Somewhere there is a monstrous loneliness, and it is on the prowl. It seeks to compile the miseries of a separation of thousands of miles with the frustrations of a separation of nine hours. Every complication will be magnified. Every defeat will appear epic. And I've been spoiled. When I stub my toe, Jonathan comes to me and wraps me a healing embrace, willing my pain to cross from my throbbing toes to his own, anything to keep me whole and smiling. When something breaks, he fixes it. When something goes amiss, he solves it. I remember being an independent, capable woman, but that memory is fuzzy with a fragrant, nurturing moss. When Jonathan is gone, I'll live. I'll solve the problems and fix the breaks. But my heart will be heavy with the acknowledgement of a Jonathan-shaped void at every encounter with the real world. That is the monstrous loneliness, and he's lurking somewhere, waiting for me.

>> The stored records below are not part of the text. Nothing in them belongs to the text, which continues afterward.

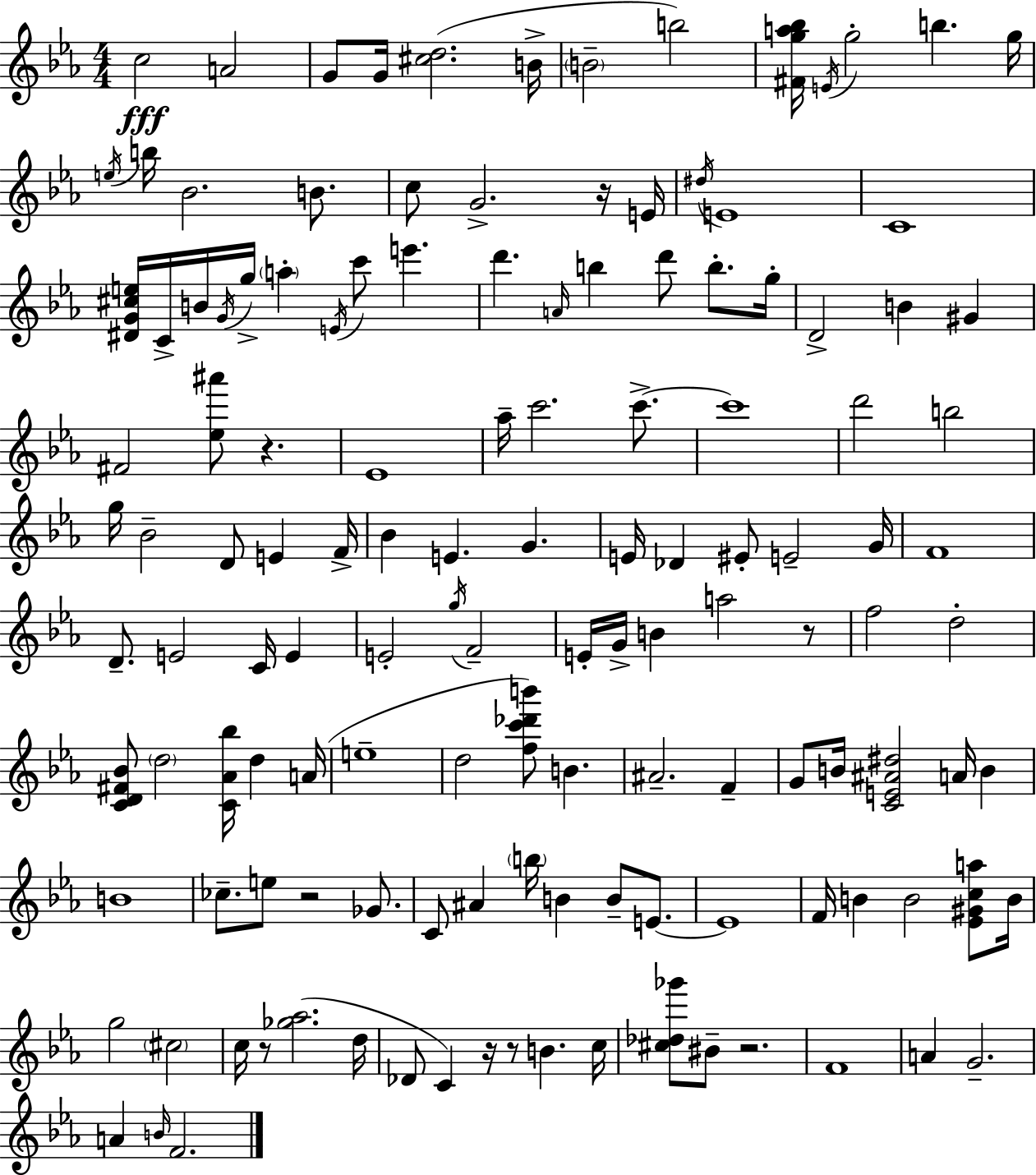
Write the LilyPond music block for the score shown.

{
  \clef treble
  \numericTimeSignature
  \time 4/4
  \key ees \major
  c''2\fff a'2 | g'8 g'16 <cis'' d''>2.( b'16-> | \parenthesize b'2-- b''2) | <fis' g'' a'' bes''>16 \acciaccatura { e'16 } g''2-. b''4. | \break g''16 \acciaccatura { e''16 } b''16 bes'2. b'8. | c''8 g'2.-> | r16 e'16 \acciaccatura { dis''16 } e'1 | c'1 | \break <dis' g' cis'' e''>16 c'16-> b'16 \acciaccatura { g'16 } g''16-> \parenthesize a''4-. \acciaccatura { e'16 } c'''8 e'''4. | d'''4. \grace { a'16 } b''4 | d'''8 b''8.-. g''16-. d'2-> b'4 | gis'4 fis'2 <ees'' ais'''>8 | \break r4. ees'1 | aes''16-- c'''2. | c'''8.->~~ c'''1 | d'''2 b''2 | \break g''16 bes'2-- d'8 | e'4 f'16-> bes'4 e'4. | g'4. e'16 des'4 eis'8-. e'2-- | g'16 f'1 | \break d'8.-- e'2 | c'16 e'4 e'2-. \acciaccatura { g''16 } f'2-- | e'16-. g'16-> b'4 a''2 | r8 f''2 d''2-. | \break <c' d' fis' bes'>8 \parenthesize d''2 | <c' aes' bes''>16 d''4 a'16( e''1-- | d''2 <f'' c''' des''' b'''>8) | b'4. ais'2.-- | \break f'4-- g'8 b'16 <c' e' ais' dis''>2 | a'16 b'4 b'1 | ces''8.-- e''8 r2 | ges'8. c'8 ais'4 \parenthesize b''16 b'4 | \break b'8-- e'8.~~ e'1 | f'16 b'4 b'2 | <ees' gis' c'' a''>8 b'16 g''2 \parenthesize cis''2 | c''16 r8 <ges'' aes''>2.( | \break d''16 des'8 c'4) r16 r8 | b'4. c''16 <cis'' des'' ges'''>8 bis'8-- r2. | f'1 | a'4 g'2.-- | \break a'4 \grace { b'16 } f'2. | \bar "|."
} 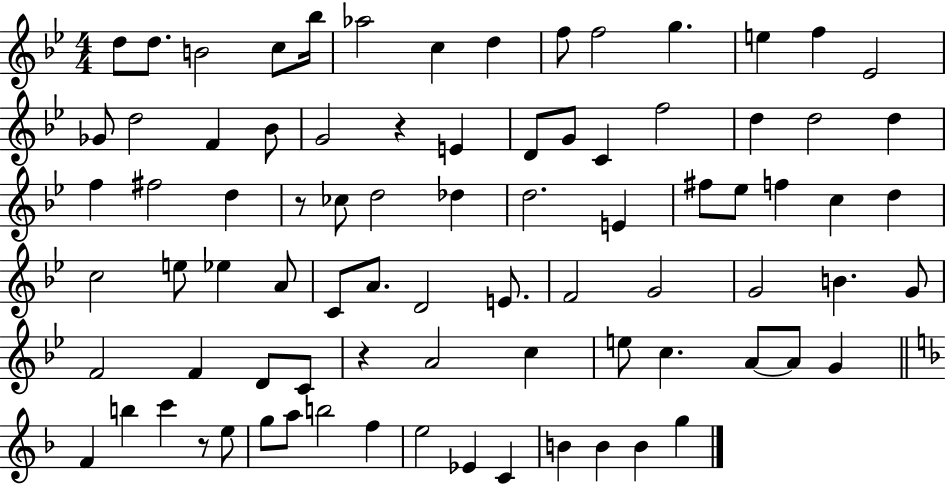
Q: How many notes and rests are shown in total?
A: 83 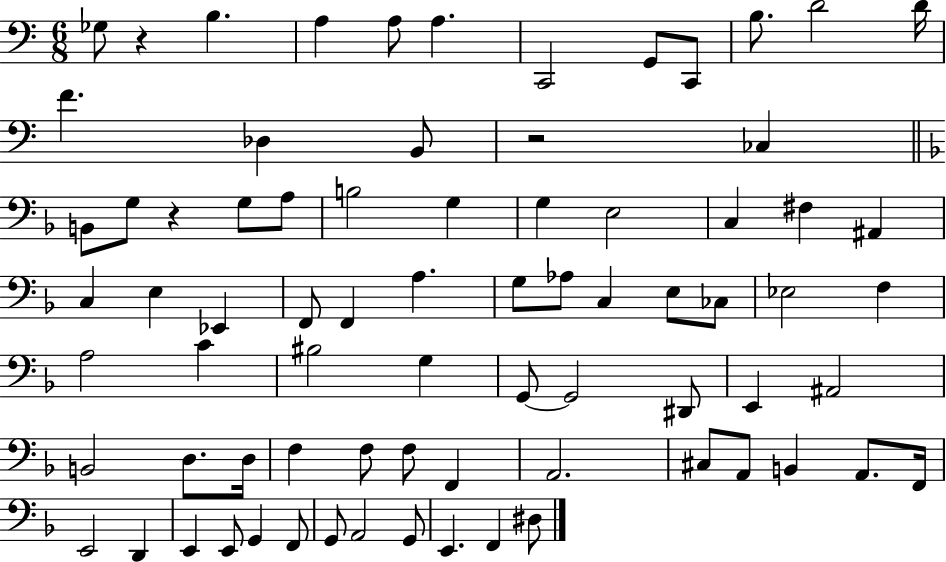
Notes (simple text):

Gb3/e R/q B3/q. A3/q A3/e A3/q. C2/h G2/e C2/e B3/e. D4/h D4/s F4/q. Db3/q B2/e R/h CES3/q B2/e G3/e R/q G3/e A3/e B3/h G3/q G3/q E3/h C3/q F#3/q A#2/q C3/q E3/q Eb2/q F2/e F2/q A3/q. G3/e Ab3/e C3/q E3/e CES3/e Eb3/h F3/q A3/h C4/q BIS3/h G3/q G2/e G2/h D#2/e E2/q A#2/h B2/h D3/e. D3/s F3/q F3/e F3/e F2/q A2/h. C#3/e A2/e B2/q A2/e. F2/s E2/h D2/q E2/q E2/e G2/q F2/e G2/e A2/h G2/e E2/q. F2/q D#3/e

I imagine that a pale twin of that loneliness will make the journey to Norway with Jonathan, who will, in his deft, able way, relegate the loneliness to a corner in his apartment. He'll refuse to look at it except in the winking moments before sleep descends each night, or on a walk down a pretty path where the light is playing poetically on foreign leaves which he knows I would reach out to touch if only I were there with him. Jonathan will busy himself entirely with the business of preparing for a life with unpronounceable street names, a socialized healthcare system, a 25% Value Added Tax, and a dependence on public transportation. Yes, he will be busy, and the loneliness will bide its time unenthusiastically, striking low blows at odd intervals, until I am at last on my way there, too.
Somewhere there is a date, and I wish I could bring it to me sooner. A date on which another plane, a different plane, just as big, will slide up to a gate at SFO ready for me. Our little family, husband, wife, and definitely-not-rabid cats will board and settle. With any luck, the cats will resign themselves to the fate worse than death of being boxed up in a plane cabin for almost a whole day, will quiet and sleep at our feet. And when we land in Oslo, when our cab has deposited us at the doorstep of our new home, Jonathan will take my hand in a rush of familiar warmth and smooth fingers, and we will move inside. Will close the door behind us. Will unzip the cat carriers. Will stand shoulder to shoulder. Will exhale.
Somewhere there is a life awaiting me that looks unlike this one I've been living in all ways but one, and I would go through all of this a thousand times over if only to hold onto him forever.